======== DATA EXTRACT

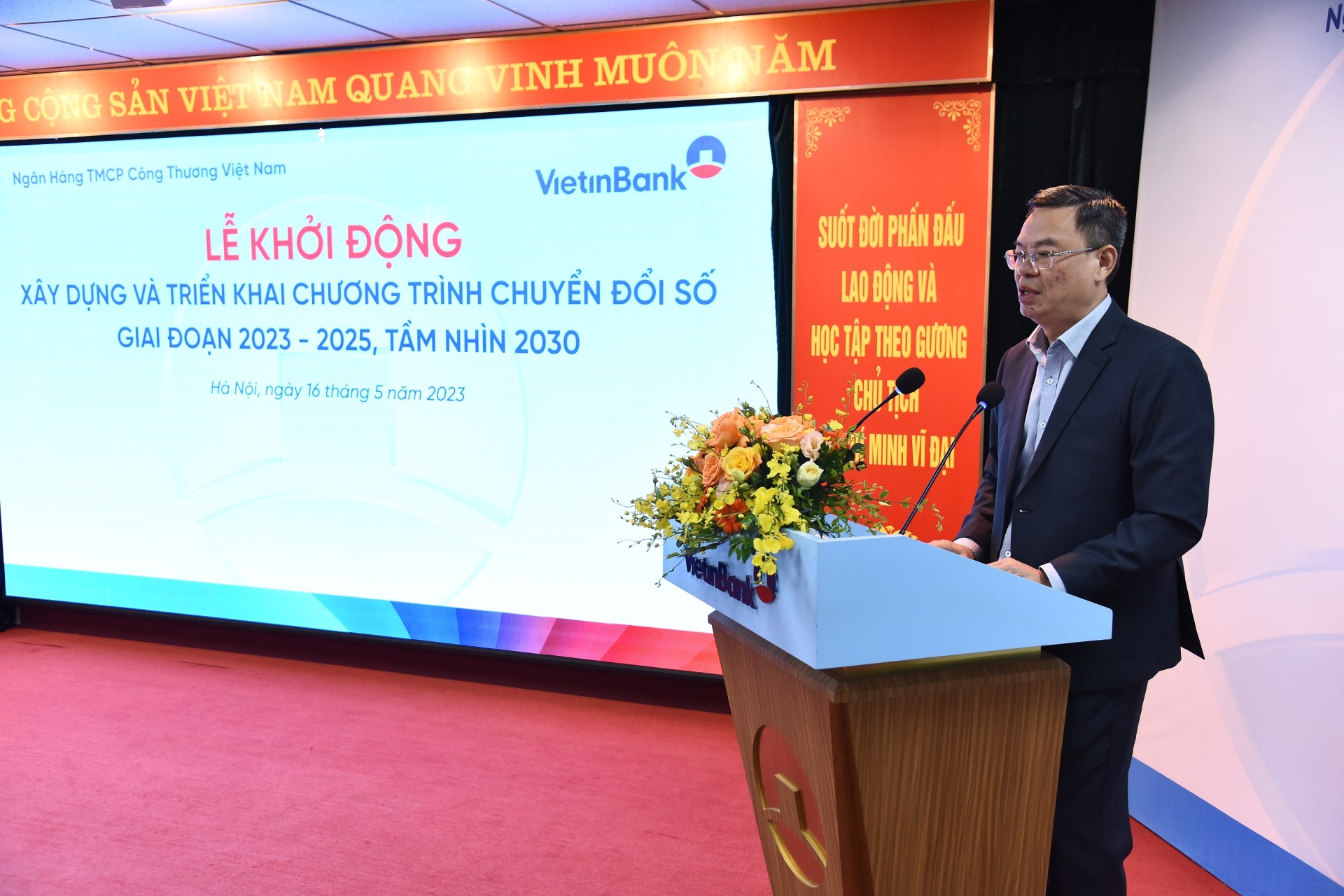 Ông Trần Minh Bình - Chủ tịch HĐQT VietinBank phát biểu tại Lễ Khởi động xây dựng và triển khai chương trình Chuyển đổi số tại VietinBank giai đoạn 2023 - 2025, tầm nhìn 2030 Ông Trần Minh Bình - Chủ tịch HĐQT VietinBank phát biểu tại Lễ Khởi động xây dựng và triển khai chương trình Chuyển đổi số tại VietinBank giai đoạn 2023 - 2025, tầm nhìn 2030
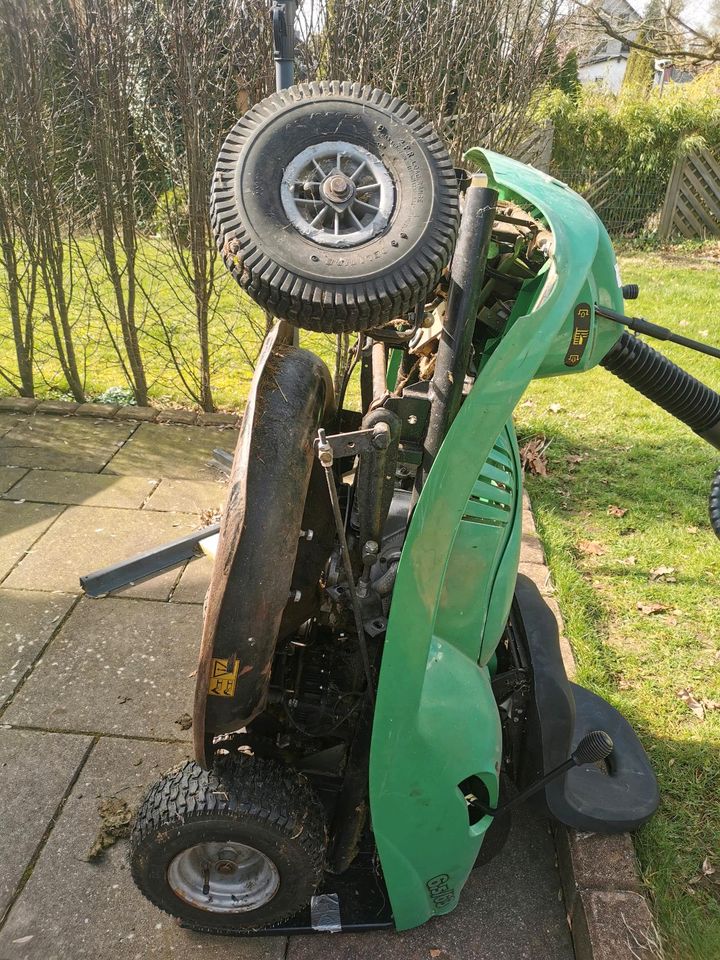 Reparatur Rasenmäher Mähtraktor Traktor in Paderborn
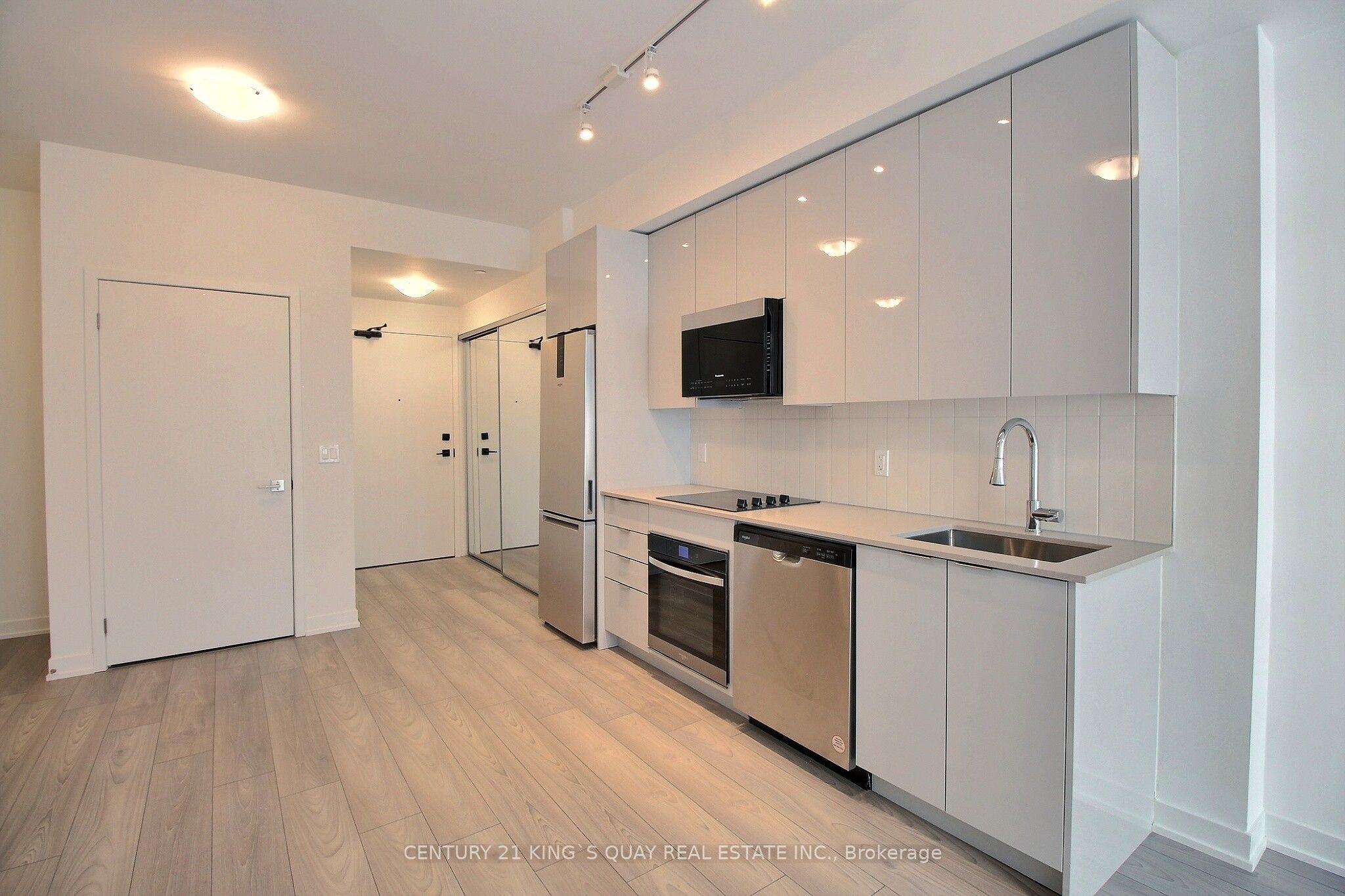 Unit 1416 - 10 Abeja Street, Vaughan 5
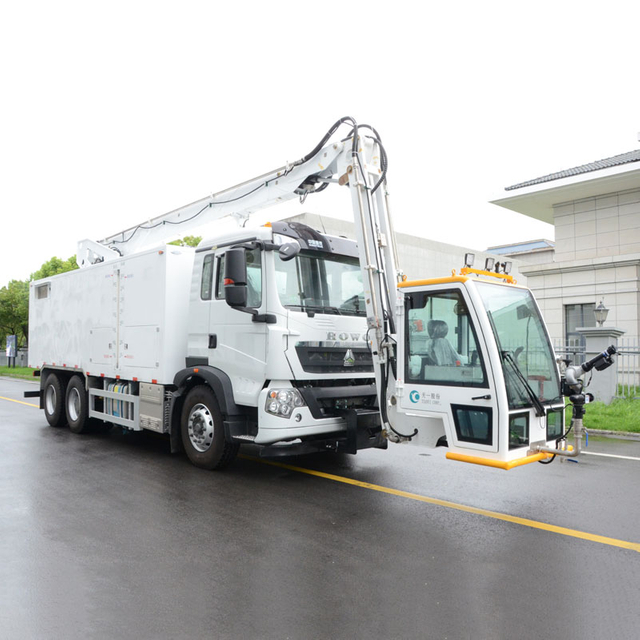 Kendaraan penghilang lapisan es di bandara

================

THE TASK:
Images are to be omitted; repeat the remaining data above exactly.

TASK RESPONSE:
 Ông Trần Minh Bình - Chủ tịch HĐQT VietinBank phát biểu tại Lễ Khởi động xây dựng và triển khai chương trình Chuyển đổi số tại VietinBank giai đoạn 2023 - 2025, tầm nhìn 2030 Ông Trần Minh Bình - Chủ tịch HĐQT VietinBank phát biểu tại Lễ Khởi động xây dựng và triển khai chương trình Chuyển đổi số tại VietinBank giai đoạn 2023 - 2025, tầm nhìn 2030
 Reparatur Rasenmäher Mähtraktor Traktor in Paderborn
 Unit 1416 - 10 Abeja Street, Vaughan 5
 Kendaraan penghilang lapisan es di bandara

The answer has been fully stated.